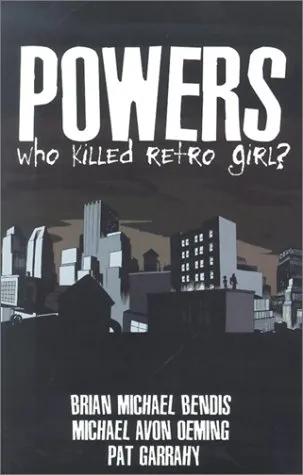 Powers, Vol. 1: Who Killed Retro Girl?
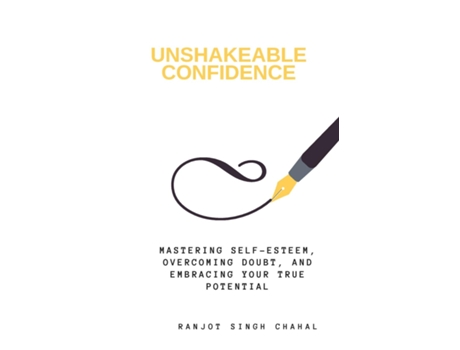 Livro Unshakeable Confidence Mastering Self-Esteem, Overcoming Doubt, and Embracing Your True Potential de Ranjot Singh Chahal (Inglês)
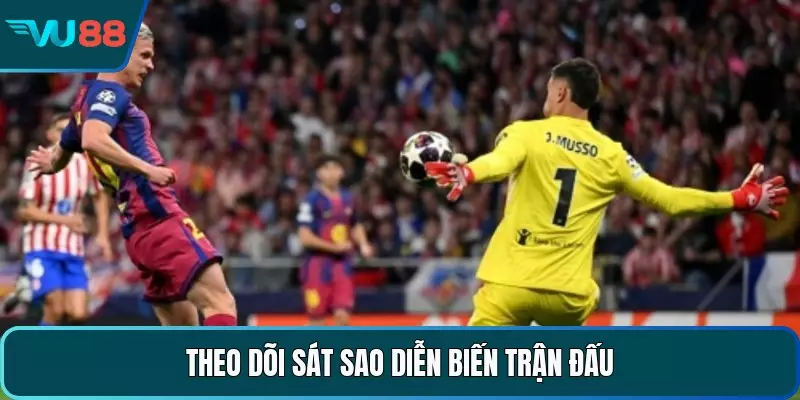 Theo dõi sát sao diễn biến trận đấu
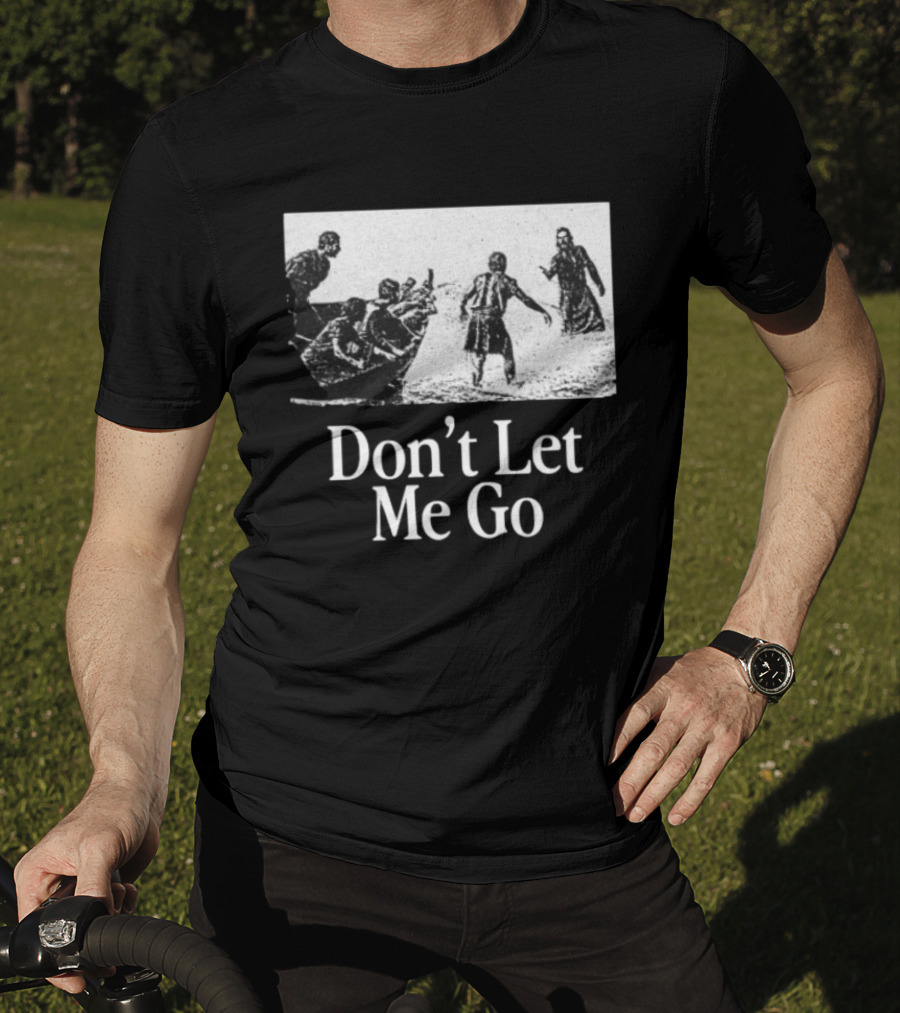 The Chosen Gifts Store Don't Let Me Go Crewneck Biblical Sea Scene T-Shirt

————————

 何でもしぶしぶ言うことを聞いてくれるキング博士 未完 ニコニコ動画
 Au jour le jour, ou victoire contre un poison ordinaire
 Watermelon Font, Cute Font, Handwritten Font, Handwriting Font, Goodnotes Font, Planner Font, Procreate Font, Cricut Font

————————

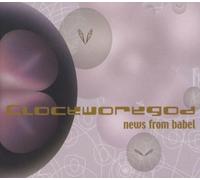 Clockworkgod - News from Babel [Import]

————————

Beginning with the line that contains "Powers, Vol. 1: Who Killed Retro Girl?", write out the lines of the material above exactly, and end with the line that contains "The Chosen Gifts". Omit the pictures.

 Powers, Vol. 1: Who Killed Retro Girl?
 Livro Unshakeable Confidence Mastering Self-Esteem, Overcoming Doubt, and Embracing Your True Potential de Ranjot Singh Chahal (Inglês)
 Theo dõi sát sao diễn biến trận đấu
 The Chosen Gifts Store Don't Let Me Go Crewneck Biblical Sea Scene T-Shirt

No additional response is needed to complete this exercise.